FormSwift is a free online PDF to Word conversion service with a very unusual extra.

At first glance the website looks like many others. The interface is simple, and there are options to drag and drop or browse to the PDF you'd like to convert.  

What's interesting here is that once the document has been uploaded, FormSwift displays it in a simple PDF editor. It's not exactly crammed with features, but you can still add, edit, or highlight text, insert or move images and apply a handwritten signature.

Perhaps most usefully, the editor enables deleting elements of the document that you don't need. Simplifying a PDF in this way can improve the chances of an accurate conversion, and it's well worth a try if other converters aren't producing good results.  

Our tests suggest you may not need to spend much time playing around with your documents, though, as the FormSwift conversion engine produces excellent results with even the most complex of files. 

In particular, the service did a great job with our sample newspaper page, accurately rendering the columns, colors and images. There was an issue with text spacing, but that was only because our system didn't include the font used in the source PDF, forcing FormSwift to substitute another. This was easily fixed in Word, and overall FormSwift performed very well. 

HTMLPublish

HTMLPublish

HTMLPublish is a website which offers a free service for converting PDF files to Word and HTML.  

The conversion interface is feeble by the standards of the competition, and doesn't even support drag and drop. All you get is a header and an Upload button.  

The annoyances continue when the converter is finished, and the website demands you close any ad blocker before you can see the file. HTMLPublish is the only PDF conversion website we've seen which does that.   

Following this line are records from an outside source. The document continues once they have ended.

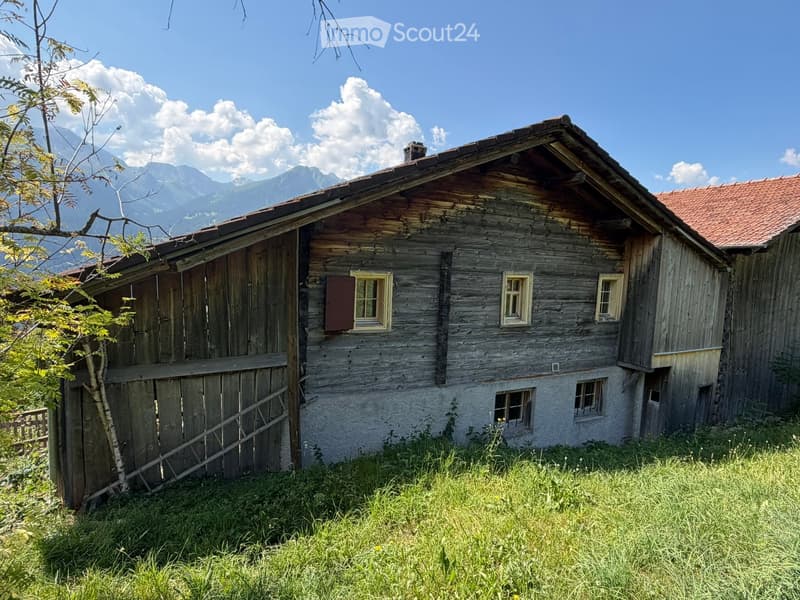 A rustic wooden house with a red-tiled roof, surrounded by grassy terrain and mountains in the background.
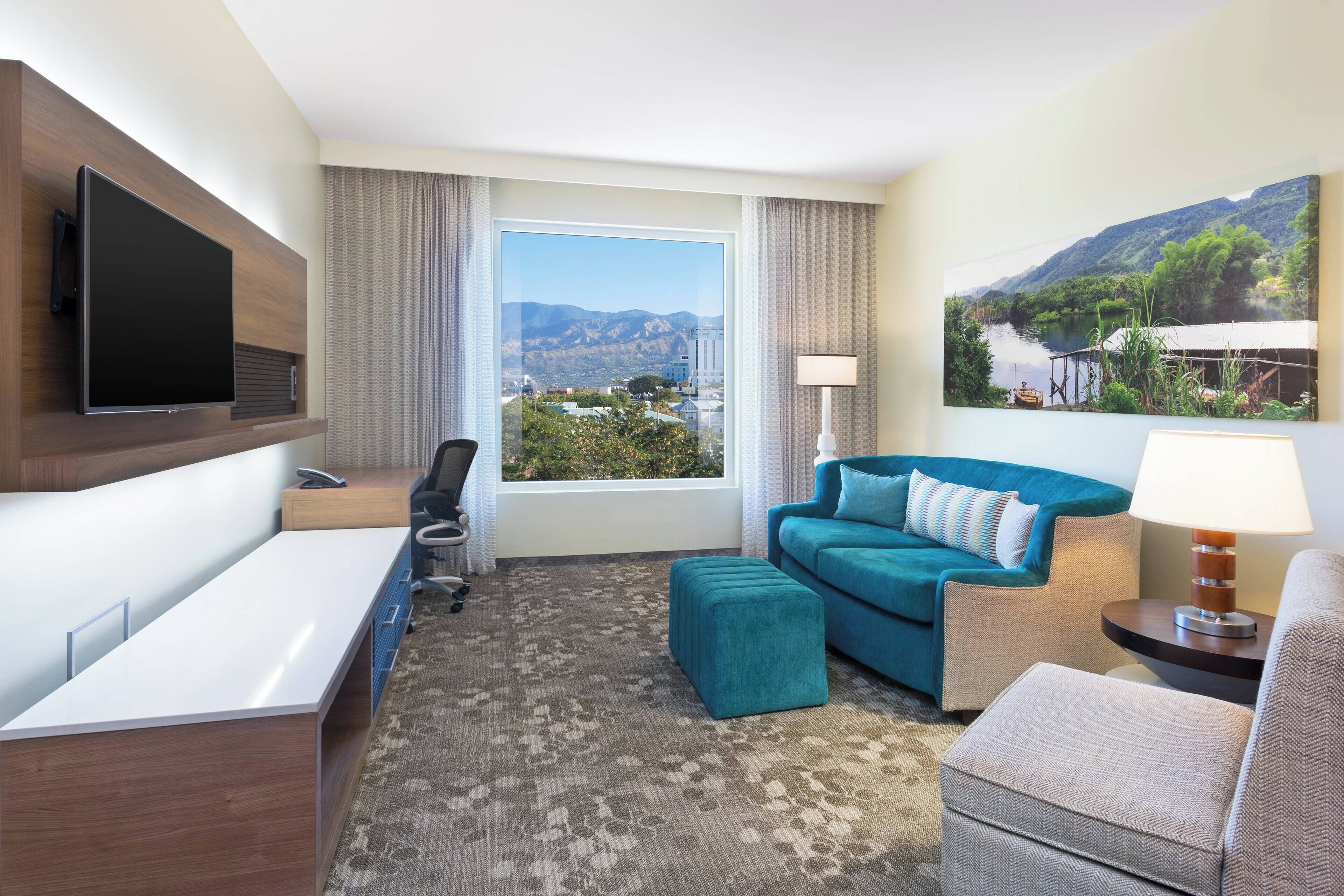 suite, 1 bedroom, non smoking | living area | 32-inch lcd tv with cable channels, tv, pay films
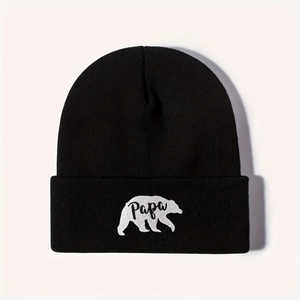 Black knitted beanie featuring a white polar bear embroidery with Papa text on the cuff
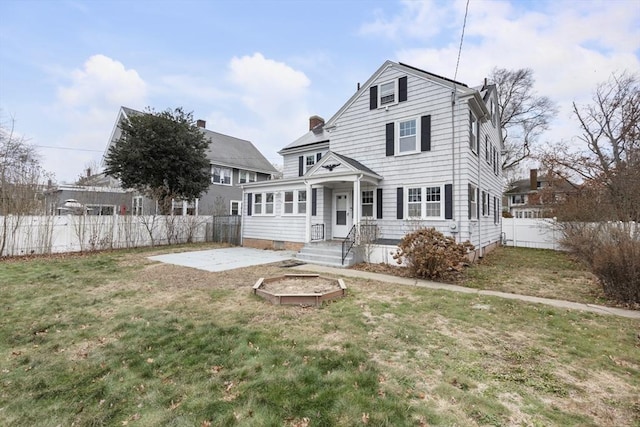 rear view of property featuring a lawn and a patio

We restarted the process in an ad blocker-free browser, and this time the document was displayed in its HTML form after the conversion was complete. Why, when we only wanted to download it? In order that the website could display some ads, it seems, two of which included Download links of the firm's own, presumably in the hope that users will click them accidentally.  

We found and clicked the real download link in the header, which took us to yet another page, with more ads, and another download link. Clicking that link opened the PDF in a web page with yet more ads, and finally we could save it to disk.  

Put this all together and HTMLPublish is one of the most cumbersome PDF services to use. But we're recommending it anyway because it delivered some of the best and most accurate conversions of our test files. If other services fail, HTMLPublish is well worth a try, and if you hate the ads, the developer's PDF-To-Word application gives you hassle-free conversions on your Windows desktop for only $19.95 (£14.25).  

UniPDF

UniPDF

UniPDF is a commercial PDF conversion utility for Windows. Launch the program and you're able to drag and drop as many source files as you need to convert. (Unlike most online converters, there are no limits on the size or number of files you can process at one time).  

By default UniPDF will export your converted documents as DOCX files, but it can also save them as RTF, HTML, images or plain text.  

In our tests, the conversion results were mixed. Our sample documents kept their content and basic layout, and looked much better than if we'd imported them using Word's own PDF converter. But font and text layout weren't always reproduced correctly, and it would take some time to fix these issues before we could begin any real editing tasks.  

There's a further complication with the trial version, as it only supports converting the first three pages in any document. If your source files start with a title page, a blank page and a table of contents, you won't get to see what the program can do with everything else.  

If UniPDF appears to do what you need, spending $29.97 (£21.40) gets you a license to use the program on a single computer in a non-commercial environment. A Business license looks expensive at $99.97 (£71.40), but that covers commercial usage on multiple systems across your company - it's not just for you.  

A 30-day money-back guarantee is available if you discover any problems that the trial build didn't reveal.